Partisanship Turns Brilliant Men into Morons
Walsh’s Second Law of Politics reads as follows: Partisanship turns even the most intelligent of persons into raging morons. There are no exceptions.
One of my favorite examples of this immutable fact is Stephen King. King is a brilliant human being — one of the greatest storytellers in human history. I’ve read most of his books; all are good, some are great. His memoir On Writing remains one of the most riveting and useful books I’ve encountered as an aspiring writer. His is not the life and work of a stupid man.

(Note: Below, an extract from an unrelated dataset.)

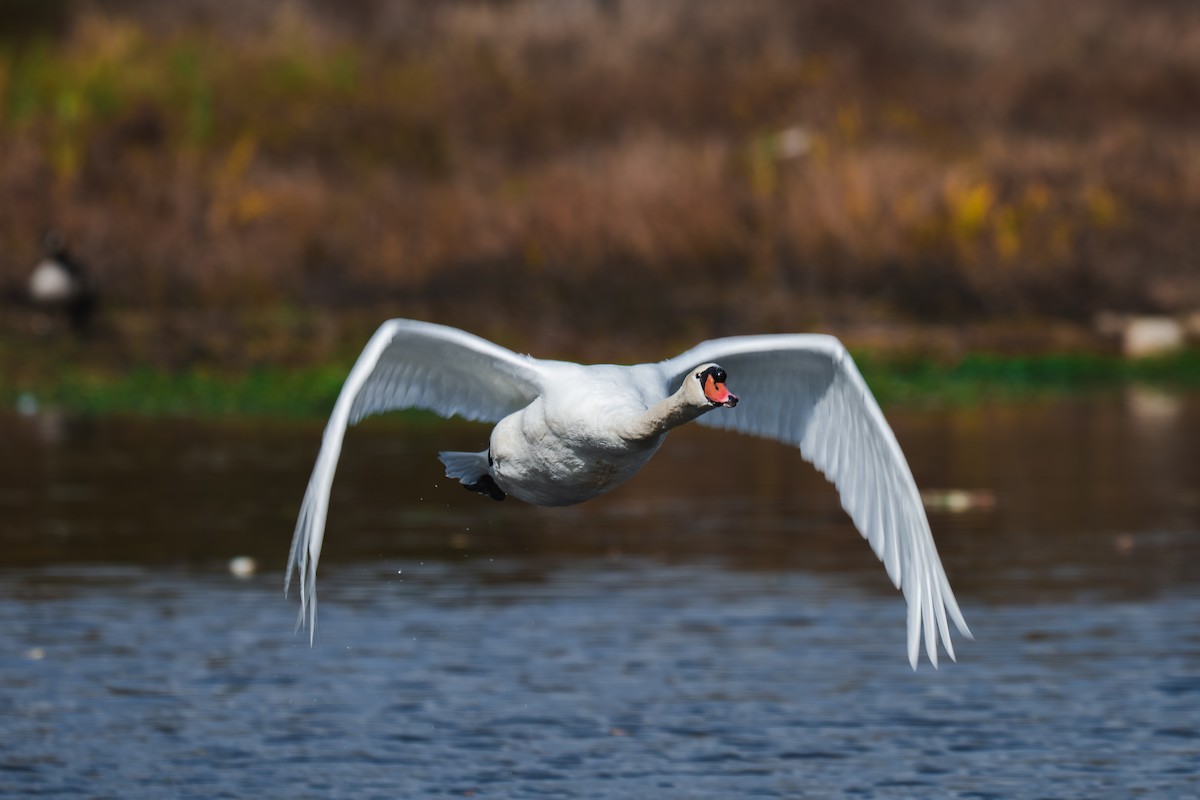 Mute Swan - ML645227591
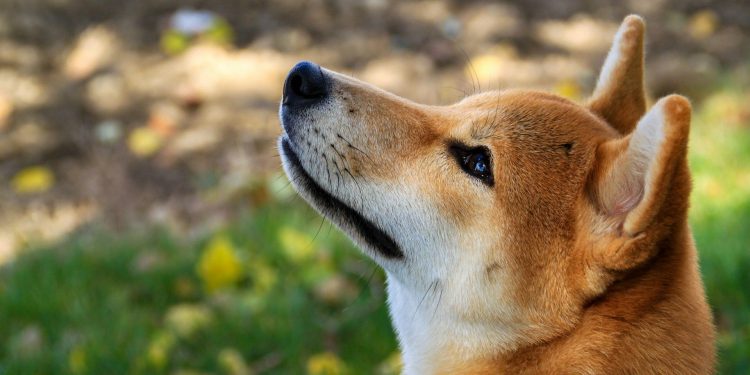 Zaklada kupuje 10 m tokena u sklopu novog doge rezervata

But have you ever read his tweets on politics? Good Lord. They’re deranged. On X (Twitter), Stephen King exhibits all of the noxious qualities he condemns in others: intolerance, intemperance, a default assumption of bad faith — and never anything resembling a rational, balanced, or objective defense of those politicians and policies he supports.
Stephen King is a brilliant man. Partisan politics has made him an imbecile.
Nothing proves my Second Law more vividly than actual politicians. There are any number of professions where a genuinely intelligent person can satisfy ambition yet serve humanity. Some choose political power instead. With predictable results.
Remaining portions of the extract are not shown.